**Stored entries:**

——

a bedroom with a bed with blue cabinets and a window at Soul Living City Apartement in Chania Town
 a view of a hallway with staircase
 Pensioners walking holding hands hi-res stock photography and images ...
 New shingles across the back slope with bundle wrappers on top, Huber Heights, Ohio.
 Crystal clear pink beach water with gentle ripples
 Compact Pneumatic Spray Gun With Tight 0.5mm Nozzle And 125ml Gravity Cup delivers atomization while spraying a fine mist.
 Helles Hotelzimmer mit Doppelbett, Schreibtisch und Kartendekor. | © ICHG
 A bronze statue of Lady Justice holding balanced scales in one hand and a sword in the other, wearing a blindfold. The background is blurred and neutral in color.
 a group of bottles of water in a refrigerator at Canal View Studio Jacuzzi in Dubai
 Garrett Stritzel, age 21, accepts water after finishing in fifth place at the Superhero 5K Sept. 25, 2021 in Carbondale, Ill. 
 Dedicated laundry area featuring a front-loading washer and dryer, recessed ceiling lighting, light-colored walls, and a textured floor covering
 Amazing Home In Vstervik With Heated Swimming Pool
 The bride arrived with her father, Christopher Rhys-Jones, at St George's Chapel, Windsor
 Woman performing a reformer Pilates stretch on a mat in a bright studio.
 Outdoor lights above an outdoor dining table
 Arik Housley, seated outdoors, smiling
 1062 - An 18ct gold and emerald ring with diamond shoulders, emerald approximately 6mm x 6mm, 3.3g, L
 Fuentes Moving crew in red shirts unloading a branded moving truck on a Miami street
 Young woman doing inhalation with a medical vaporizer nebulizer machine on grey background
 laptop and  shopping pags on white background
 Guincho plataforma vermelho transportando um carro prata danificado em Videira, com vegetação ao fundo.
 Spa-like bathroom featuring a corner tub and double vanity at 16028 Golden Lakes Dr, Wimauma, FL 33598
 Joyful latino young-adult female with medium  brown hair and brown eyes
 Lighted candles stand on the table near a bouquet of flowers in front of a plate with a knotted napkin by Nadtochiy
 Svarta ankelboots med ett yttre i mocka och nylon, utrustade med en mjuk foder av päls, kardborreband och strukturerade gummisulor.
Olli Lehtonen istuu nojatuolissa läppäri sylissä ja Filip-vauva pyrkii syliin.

——

**TASK PROMPT:** Could you print exactly the lines from the one containing "Spa-like bathroom featuring" through the last line of the records above?

**WRITTEN REPLY:**
 Spa-like bathroom featuring a corner tub and double vanity at 16028 Golden Lakes Dr, Wimauma, FL 33598
 Joyful latino young-adult female with medium  brown hair and brown eyes
 Lighted candles stand on the table near a bouquet of flowers in front of a plate with a knotted napkin by Nadtochiy
 Svarta ankelboots med ett yttre i mocka och nylon, utrustade med en mjuk foder av päls, kardborreband och strukturerade gummisulor.
Olli Lehtonen istuu nojatuolissa läppäri sylissä ja Filip-vauva pyrkii syliin.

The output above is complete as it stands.